- Task prompt:
Exactly the lines from the beginning of the records below through the line with "UPDATE | De" must be given again, without pictures.

[Saved data entries]
== Segment start ==

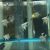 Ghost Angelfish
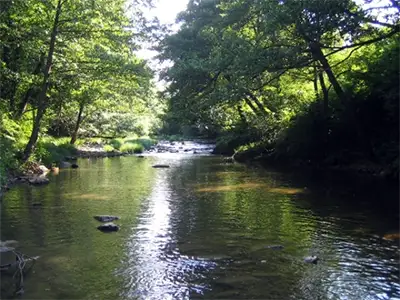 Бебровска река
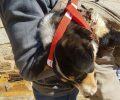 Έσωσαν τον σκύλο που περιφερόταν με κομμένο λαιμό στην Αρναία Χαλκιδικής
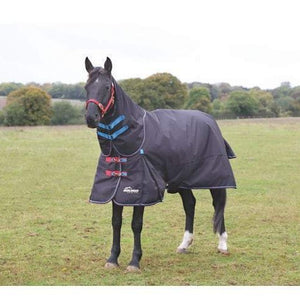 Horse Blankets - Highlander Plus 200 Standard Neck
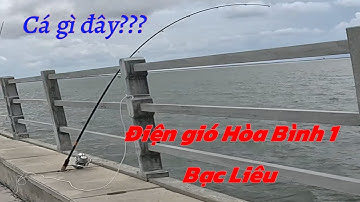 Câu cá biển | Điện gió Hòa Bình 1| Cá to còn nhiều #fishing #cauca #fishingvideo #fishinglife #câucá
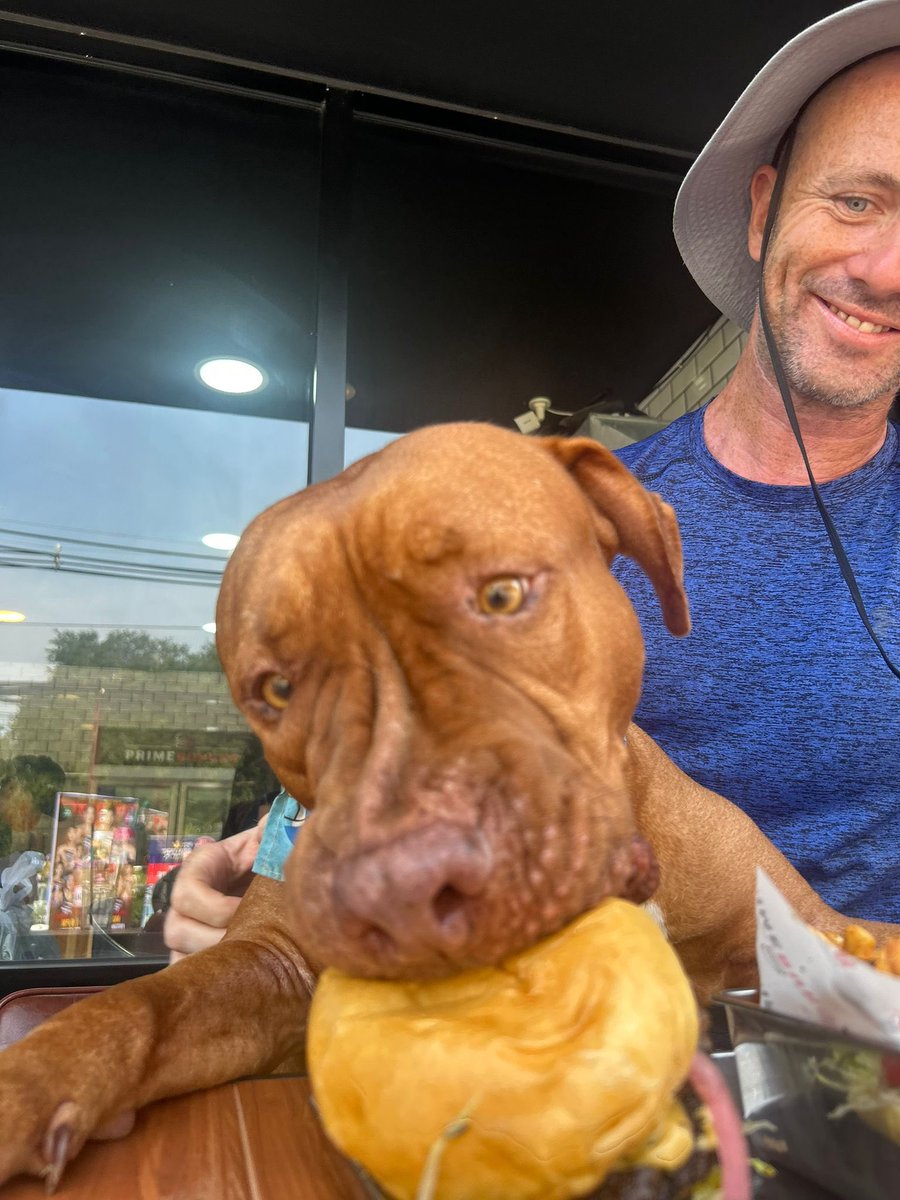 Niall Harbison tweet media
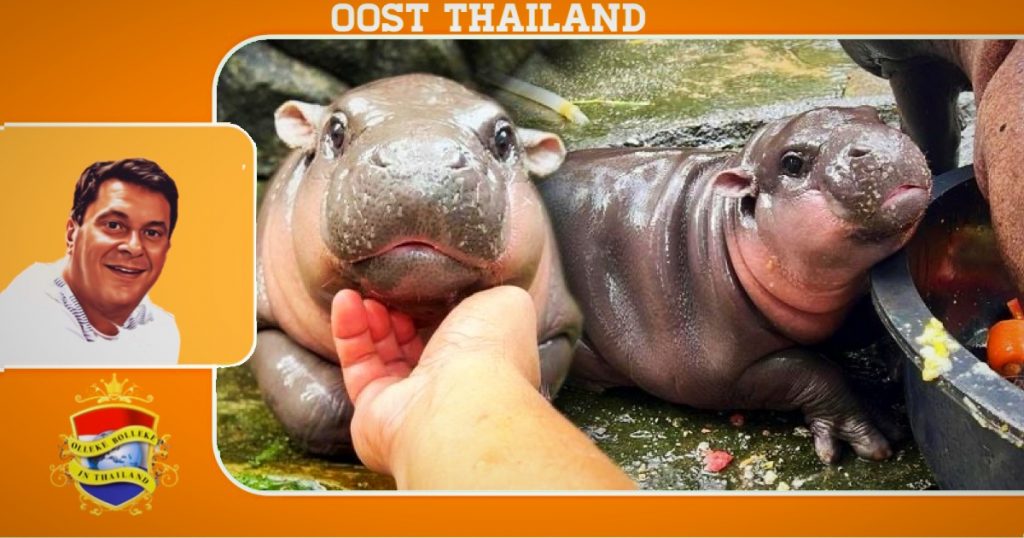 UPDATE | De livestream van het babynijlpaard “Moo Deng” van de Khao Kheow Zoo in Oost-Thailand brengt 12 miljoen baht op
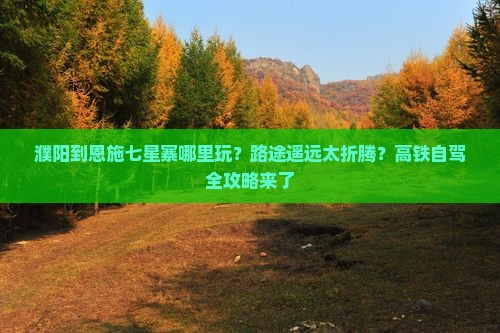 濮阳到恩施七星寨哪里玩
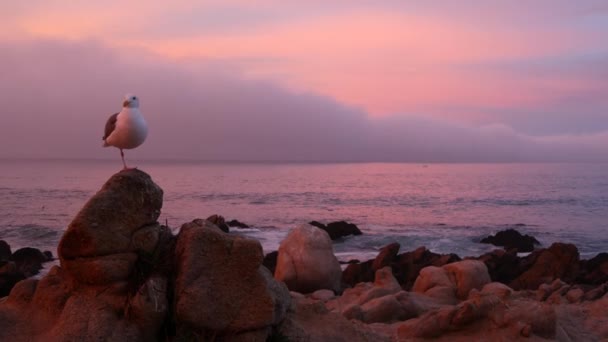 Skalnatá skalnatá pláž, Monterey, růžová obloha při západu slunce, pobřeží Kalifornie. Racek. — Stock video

== Segment end ==

- Completed exercise:
 Ghost Angelfish
 Бебровска река
 Έσωσαν τον σκύλο που περιφερόταν με κομμένο λαιμό στην Αρναία Χαλκιδικής
 Horse Blankets - Highlander Plus 200 Standard Neck
 Câu cá biển | Điện gió Hòa Bình 1| Cá to còn nhiều #fishing #cauca #fishingvideo #fishinglife #câucá
 Niall Harbison tweet media
 UPDATE | De livestream van het babynijlpaard “Moo Deng” van de Khao Kheow Zoo in Oost-Thailand brengt 12 miljoen baht op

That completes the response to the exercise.